_EXERCISE_: A faithful transcription of all the data, images excluded, is the required answer.

_DATA FOR THIS EXERCISE_:
================

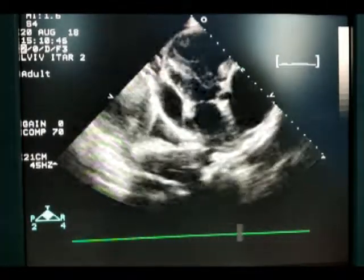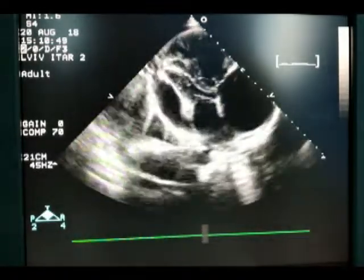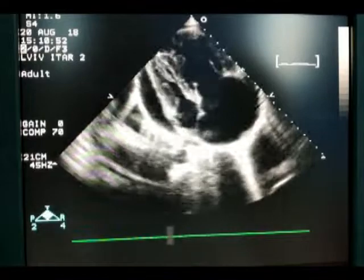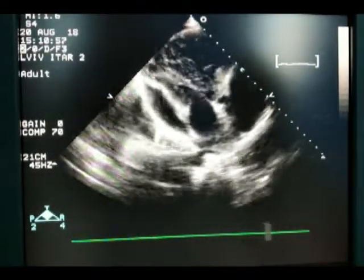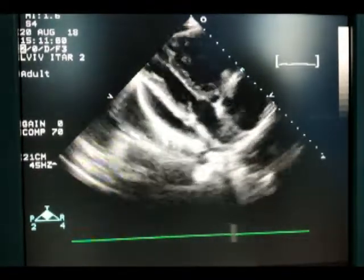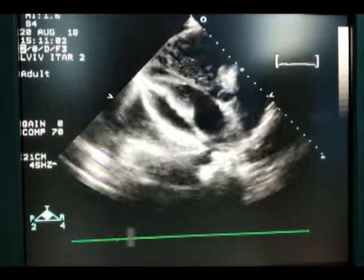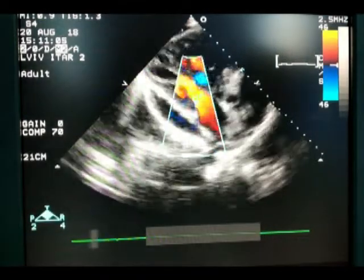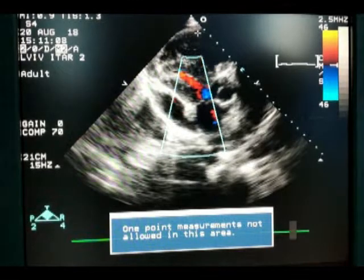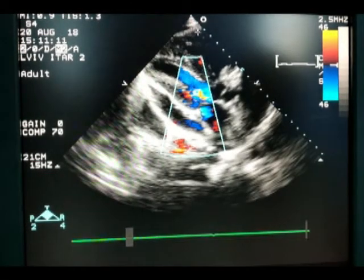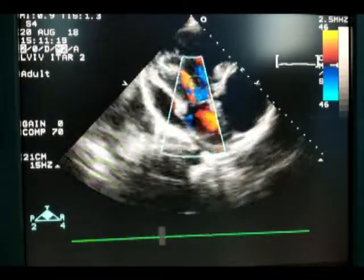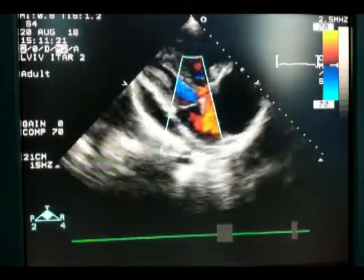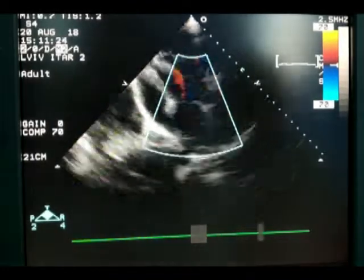After taking measurements we start to assess the mitral valve and aortic valve. Please pay attention to the color Doppler scale — it is not set correctly. Therefore, before we use color Doppler we must change the setting of the scale. Now the scale is set correctly. Now we enlarge the color box and assess the color flow across the mitral valve.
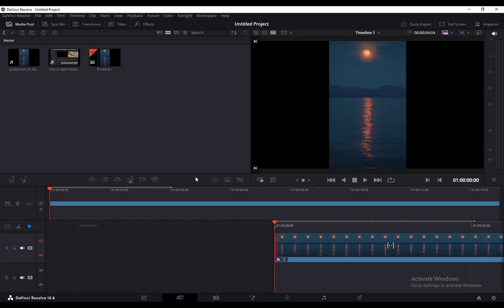DaVinci Resolve 18.6 is a free software for video and photo editing. It is used on Windows and iOS. I think you can use it for Linux as well, but don't quote me on that. So let's get started right away.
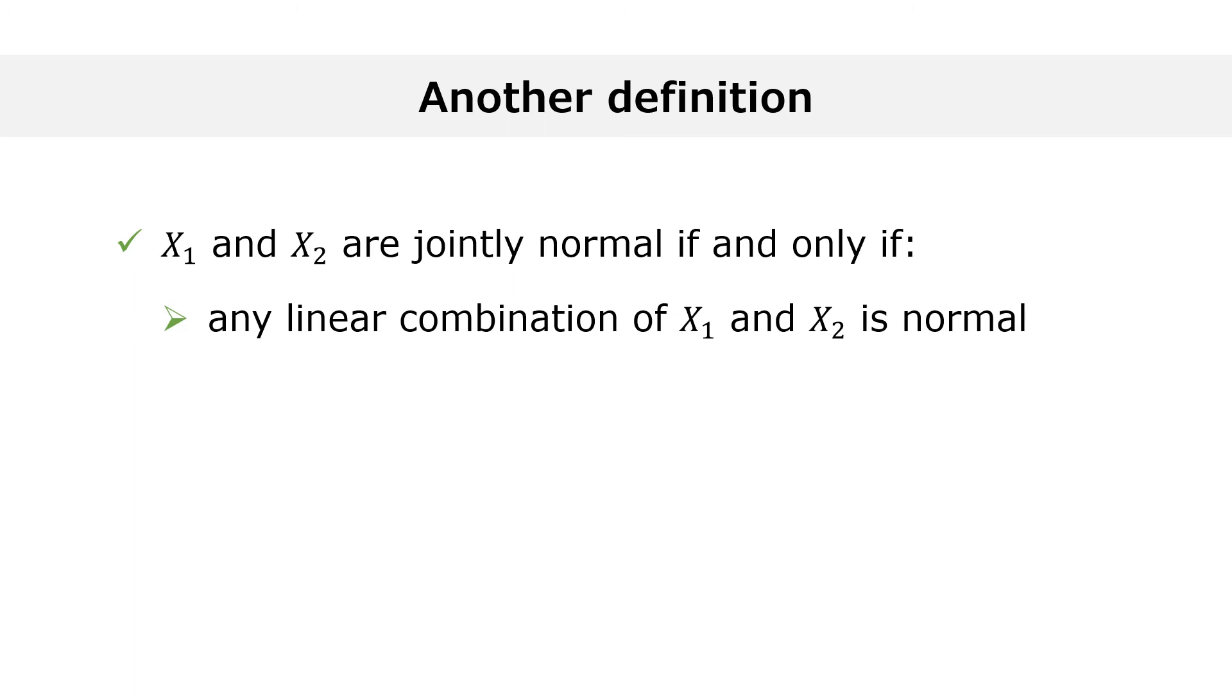Before concluding, let me tell you about a synonym of jointly normal. Two jointly normal variables are also called multivariate normal, and the random vector formed by the two variables is said to have a multivariate normal distribution.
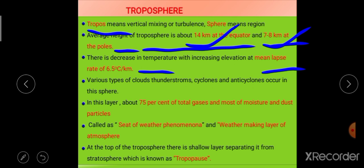In this layer, various clouds, thunderstorms, cyclones, and anticyclones occur. Also, 75% of the gases, dust, and moisture particles are found in the troposphere.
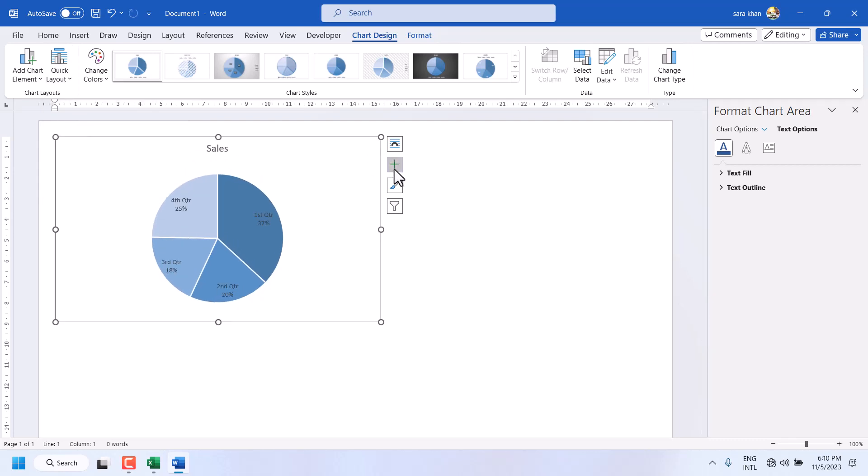Once you click on this plus icon, you can show or hide elements.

================

_RESPONSE BELOW_:
After taking measurements we start to assess the mitral valve and aortic valve. Please pay attention to the color Doppler scale — it is not set correctly. Therefore, before we use color Doppler we must change the setting of the scale. Now the scale is set correctly. Now we enlarge the color box and assess the color flow across the mitral valve.
DaVinci Resolve 18.6 is a free software for video and photo editing. It is used on Windows and iOS. I think you can use it for Linux as well, but don't quote me on that. So let's get started right away.
Before concluding, let me tell you about a synonym of jointly normal. Two jointly normal variables are also called multivariate normal, and the random vector formed by the two variables is said to have a multivariate normal distribution.
In this layer, various clouds, thunderstorms, cyclones, and anticyclones occur. Also, 75% of the gases, dust, and moisture particles are found in the troposphere.
Once you click on this plus icon, you can show or hide elements.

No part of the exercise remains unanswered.